Segment Open

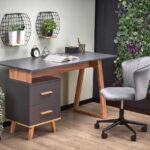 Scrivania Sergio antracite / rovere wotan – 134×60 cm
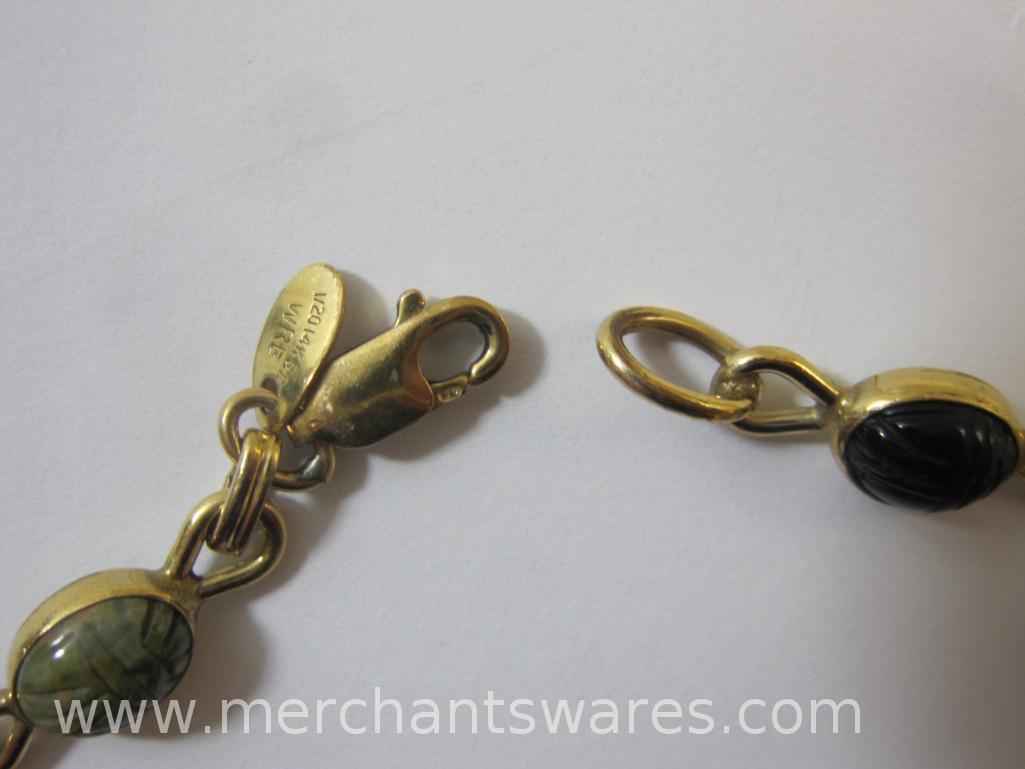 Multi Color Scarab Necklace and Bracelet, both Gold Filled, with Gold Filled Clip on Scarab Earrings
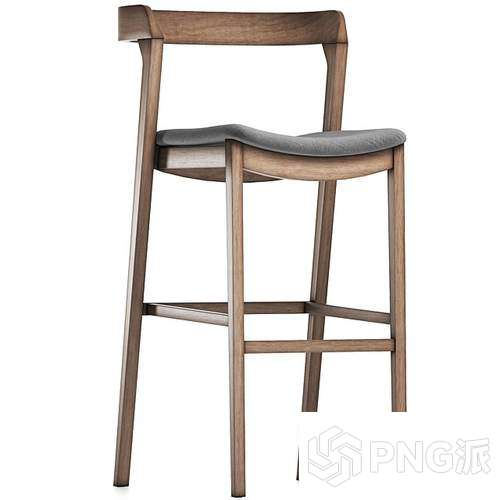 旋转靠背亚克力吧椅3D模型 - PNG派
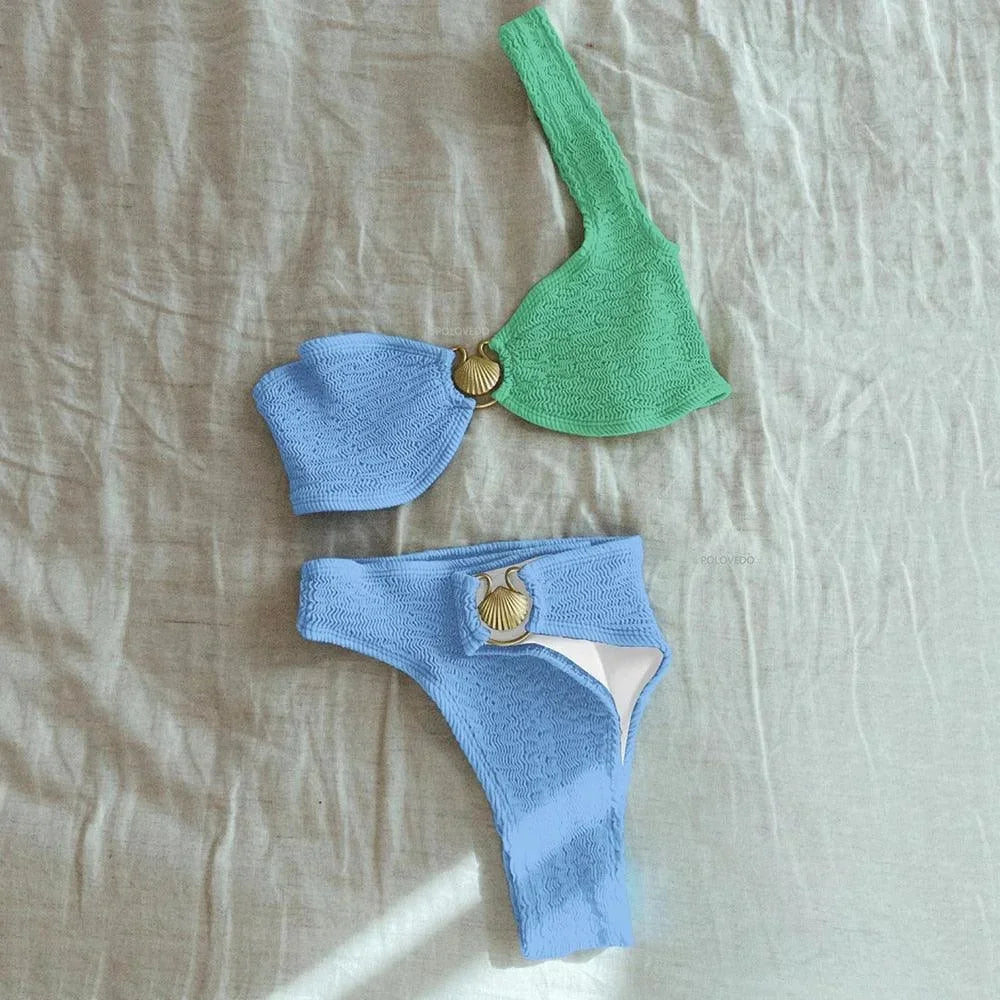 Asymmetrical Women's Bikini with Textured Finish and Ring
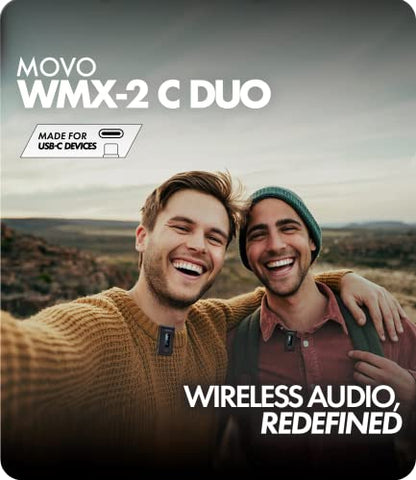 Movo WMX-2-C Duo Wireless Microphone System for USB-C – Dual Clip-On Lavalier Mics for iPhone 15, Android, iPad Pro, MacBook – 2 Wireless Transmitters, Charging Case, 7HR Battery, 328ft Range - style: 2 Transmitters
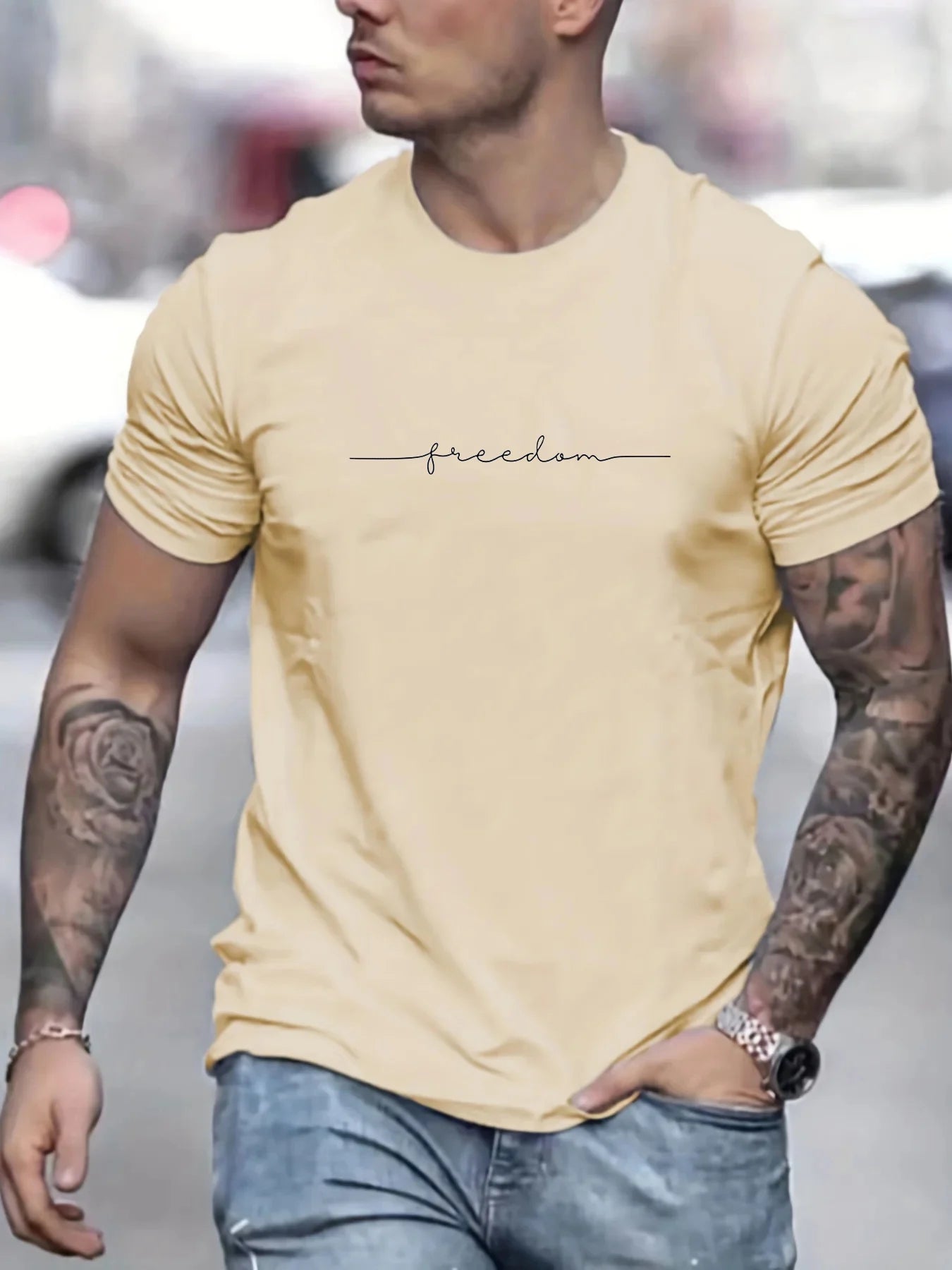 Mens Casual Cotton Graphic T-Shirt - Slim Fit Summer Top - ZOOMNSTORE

Segment Closed

### [AIM OF THE TASK]
The answer should be an exact copy of the material, with its pictures removed.

### [WORKED SOLUTION]
 Scrivania Sergio antracite / rovere wotan – 134×60 cm
 Multi Color Scarab Necklace and Bracelet, both Gold Filled, with Gold Filled Clip on Scarab Earrings
 旋转靠背亚克力吧椅3D模型 - PNG派
 Asymmetrical Women's Bikini with Textured Finish and Ring
 Movo WMX-2-C Duo Wireless Microphone System for USB-C – Dual Clip-On Lavalier Mics for iPhone 15, Android, iPad Pro, MacBook – 2 Wireless Transmitters, Charging Case, 7HR Battery, 328ft Range - style: 2 Transmitters
 Mens Casual Cotton Graphic T-Shirt - Slim Fit Summer Top - ZOOMNSTORE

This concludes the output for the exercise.